Work request
Would you restate each line of the data below word for word, without its pictures?

+++ Material for this exercise +++

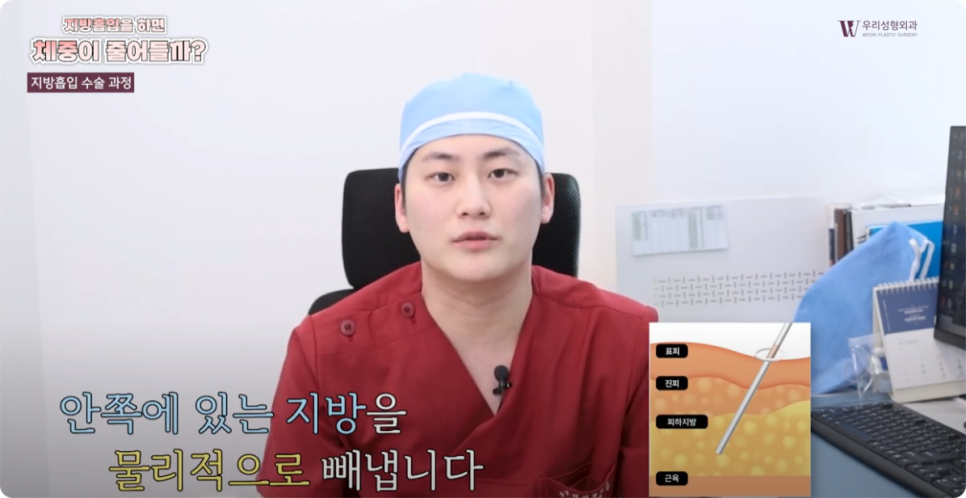 전신지방흡입 시 몸무게 변화가 생길까요? 관련 이미지 4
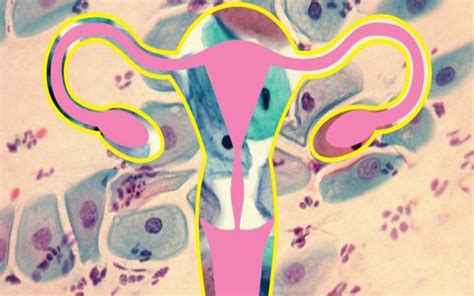 paper smear test for white discharge|Abnormal Pap Smears: What They Mean & What Happens Next.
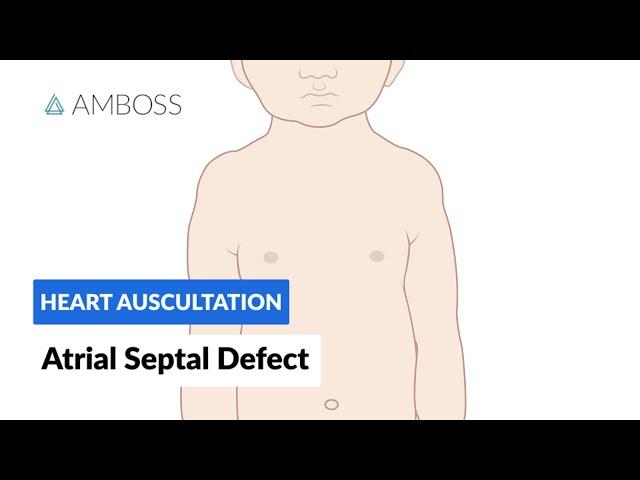 Atrial Septal Defect - Heart Auscultation - Episode 7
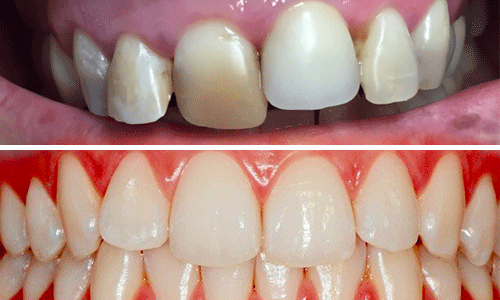 parodontologia oral beauty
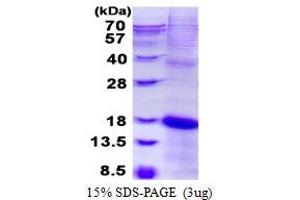 Image no. 1 for Killer Cell Lectin-Like Receptor Subfamily C, Member 2 (KLRC2) (AA 94-231) protein (His tag) (ABIN1098669)
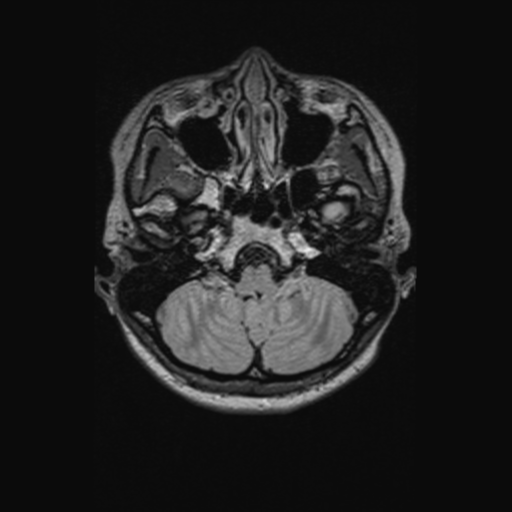 Chondrosarcoma (Radiopaedia 41937-44939 Axial FLAIR 27).png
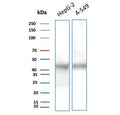 Western blot testing of human 1) HepG2 and 2) A549 cell lysate with Gamma Enolase antibody (clone ENO2/9046). Predicted molecular weight ~47 kDa.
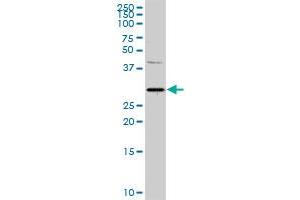 PITX1 MaxPab rabbit polyclonal antibody. (PITX1 抗体  (AA 1-314))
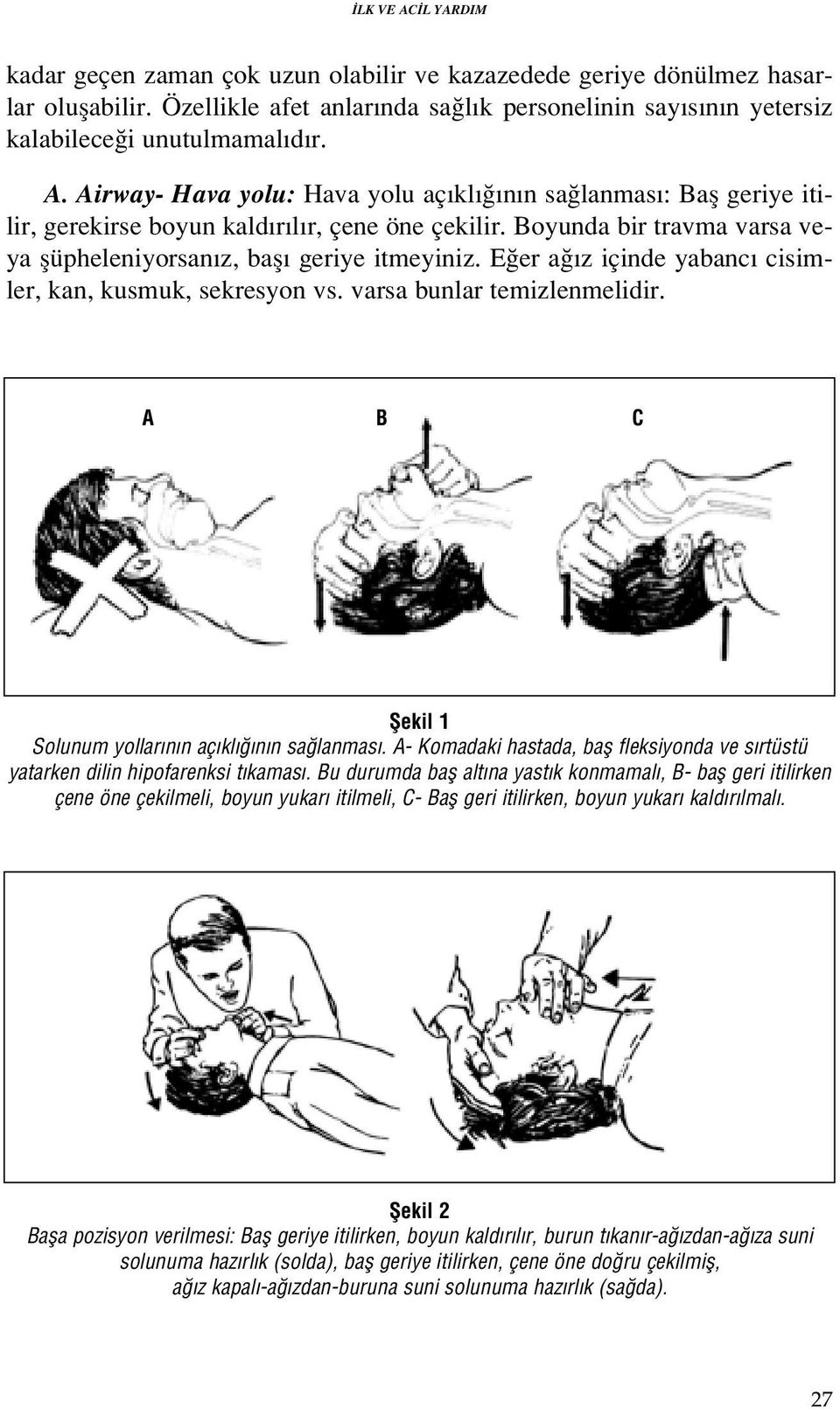 E er a z içinde yabanc cisimler, kan, kusmuk, sekresyon vs. varsa bunlar temizlenmelidir. A B C fiekil 1 Solunum yollar n n aç kl n n sa lanmas.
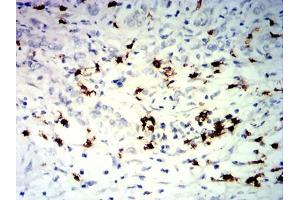 Immunohistochemistry (IHC) image for anti-Tumor Necrosis Factor Receptor Superfamily, Member 25 (TNFRSF25) antibody (ABIN7193676)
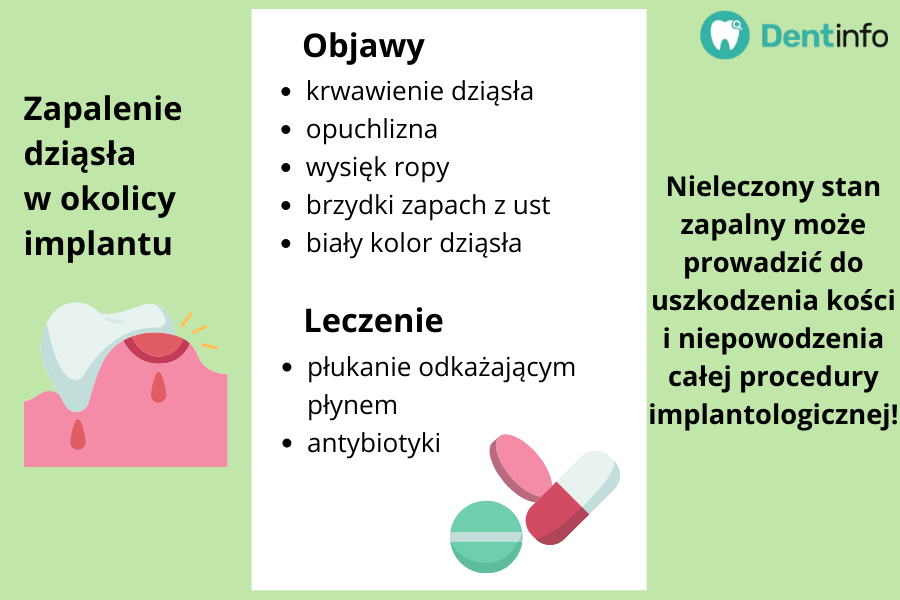 Zapalenie dziąsła w okolicy implantu
Objawy:
- krwawienie dziąsła
- opuchlizna
- wysięk ropy
- brzydki zapach z ust
- biały kolor dziąsła
Leczenie:
- płukanie odkażającym płynem
- antybiotyki
Nieleczony stan zapalny może prowadzić do uszkodzenia kości i niepowodzenia całej procedury implantologicznej!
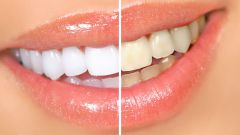 Что делать, чтобы зубы оставались белыми
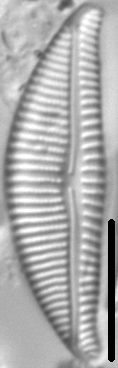 Encyonema lange-bertalotii LM2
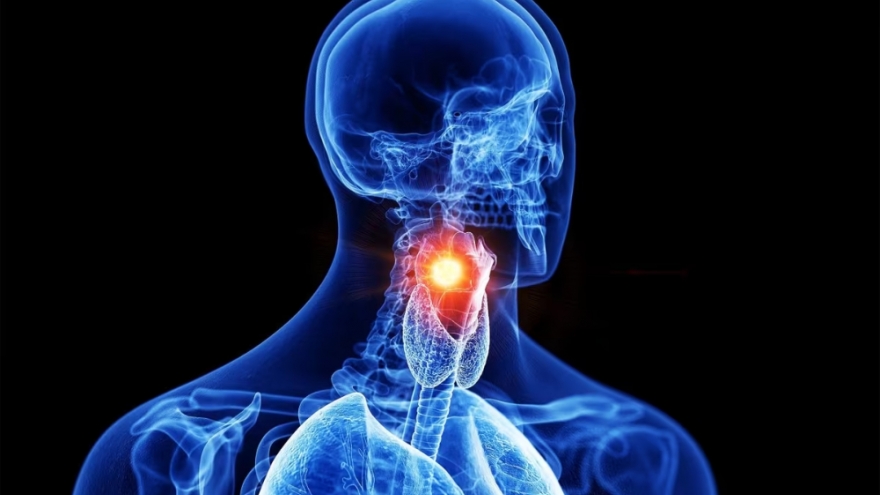 AI giúp chẩn đoán ung thư thanh quản chỉ bằng giọng nói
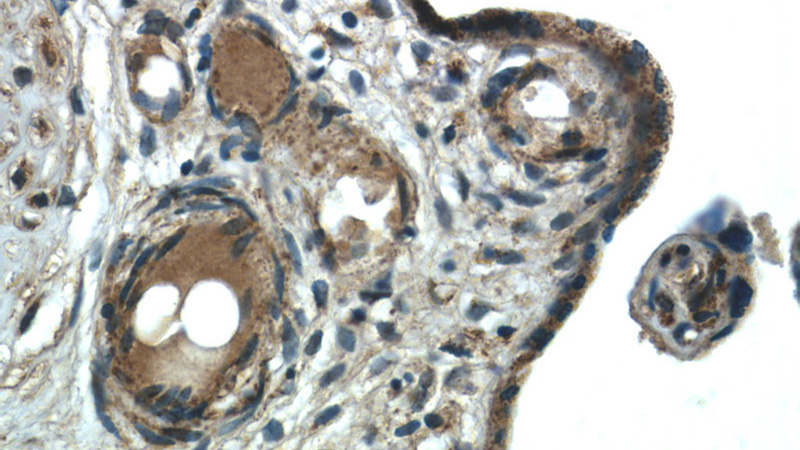 Immunohistochemistry of paraffin-embedded human placenta tissue slide using Catalog No:108011(PRKAG2 Antibody) at dilution of 1:50 (under 10x lens)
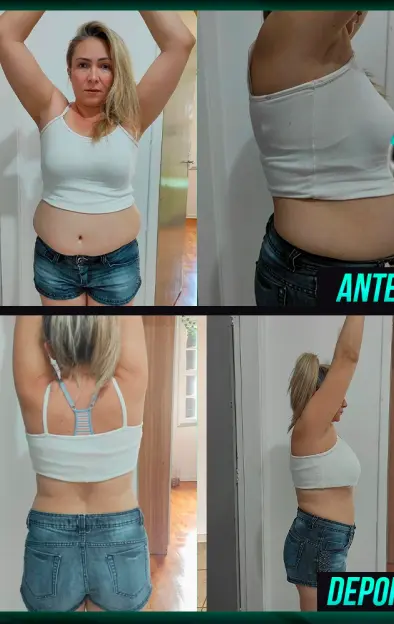 Antes e Depois de usar Secaps Black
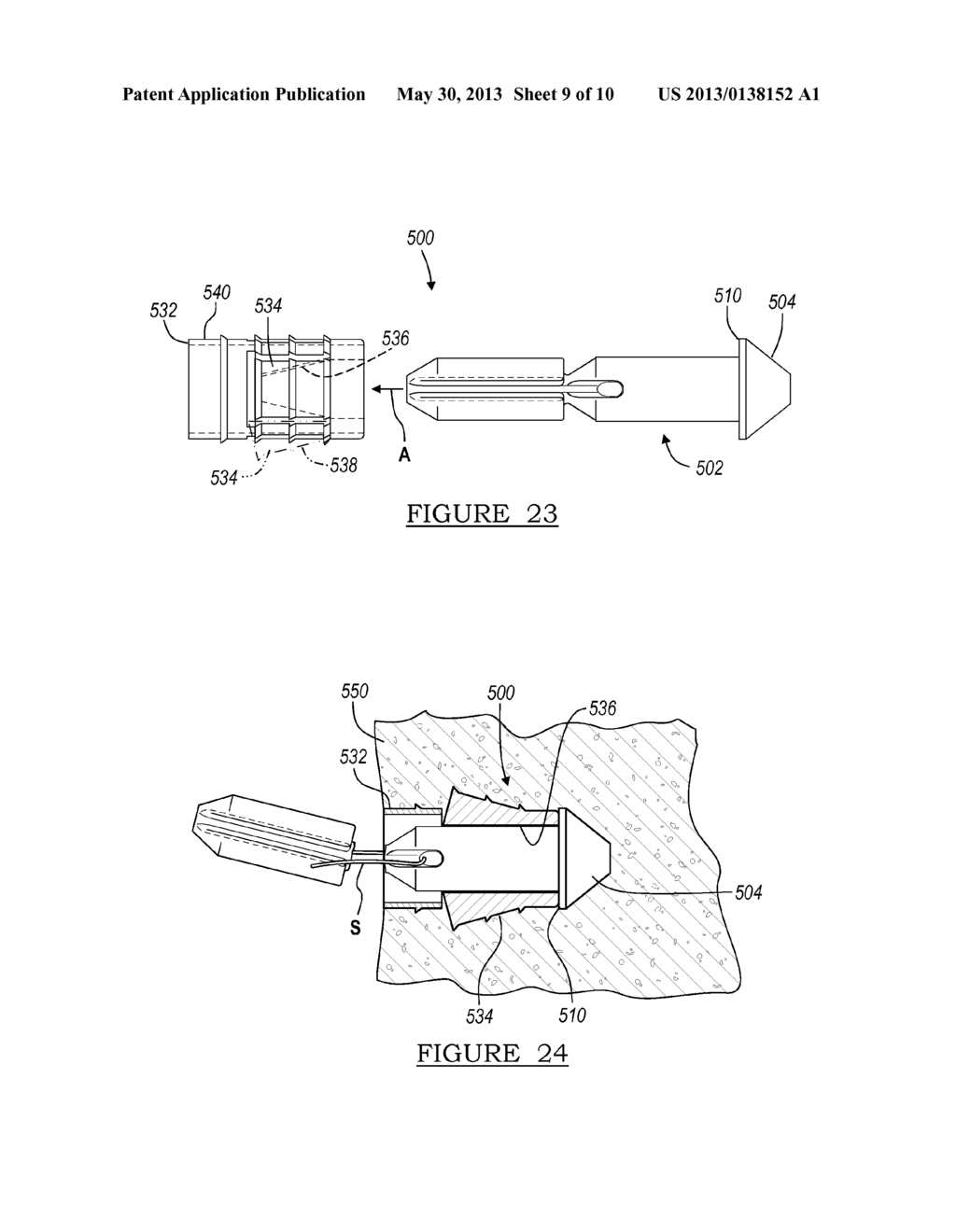 Method And Apparatus For Suture Anchors With A Vertical Eyelet - diagram, schematic, and image 10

+++

Task result
 전신지방흡입 시 몸무게 변화가 생길까요? 관련 이미지 4
 paper smear test for white discharge|Abnormal Pap Smears: What They Mean & What Happens Next.
 Atrial Septal Defect - Heart Auscultation - Episode 7
 parodontologia oral beauty
 Image no. 1 for Killer Cell Lectin-Like Receptor Subfamily C, Member 2 (KLRC2) (AA 94-231) protein (His tag) (ABIN1098669)
 Chondrosarcoma (Radiopaedia 41937-44939 Axial FLAIR 27).png
 Western blot testing of human 1) HepG2 and 2) A549 cell lysate with Gamma Enolase antibody (clone ENO2/9046). Predicted molecular weight ~47 kDa.
 PITX1 MaxPab rabbit polyclonal antibody. (PITX1 抗体  (AA 1-314))
 E er a z içinde yabanc cisimler, kan, kusmuk, sekresyon vs. varsa bunlar temizlenmelidir. A B C fiekil 1 Solunum yollar n n aç kl n n sa lanmas.
 Immunohistochemistry (IHC) image for anti-Tumor Necrosis Factor Receptor Superfamily, Member 25 (TNFRSF25) antibody (ABIN7193676)
 Zapalenie dziąsła w okolicy implantu
Objawy:
- krwawienie dziąsła
- opuchlizna
- wysięk ropy
- brzydki zapach z ust
- biały kolor dziąsła
Leczenie:
- płukanie odkażającym płynem
- antybiotyki
Nieleczony stan zapalny może prowadzić do uszkodzenia kości i niepowodzenia całej procedury implantologicznej!
 Что делать, чтобы зубы оставались белыми
 Encyonema lange-bertalotii LM2
 AI giúp chẩn đoán ung thư thanh quản chỉ bằng giọng nói
 Immunohistochemistry of paraffin-embedded human placenta tissue slide using Catalog No:108011(PRKAG2 Antibody) at dilution of 1:50 (under 10x lens)
 Antes e Depois de usar Secaps Black
 Method And Apparatus For Suture Anchors With A Vertical Eyelet - diagram, schematic, and image 10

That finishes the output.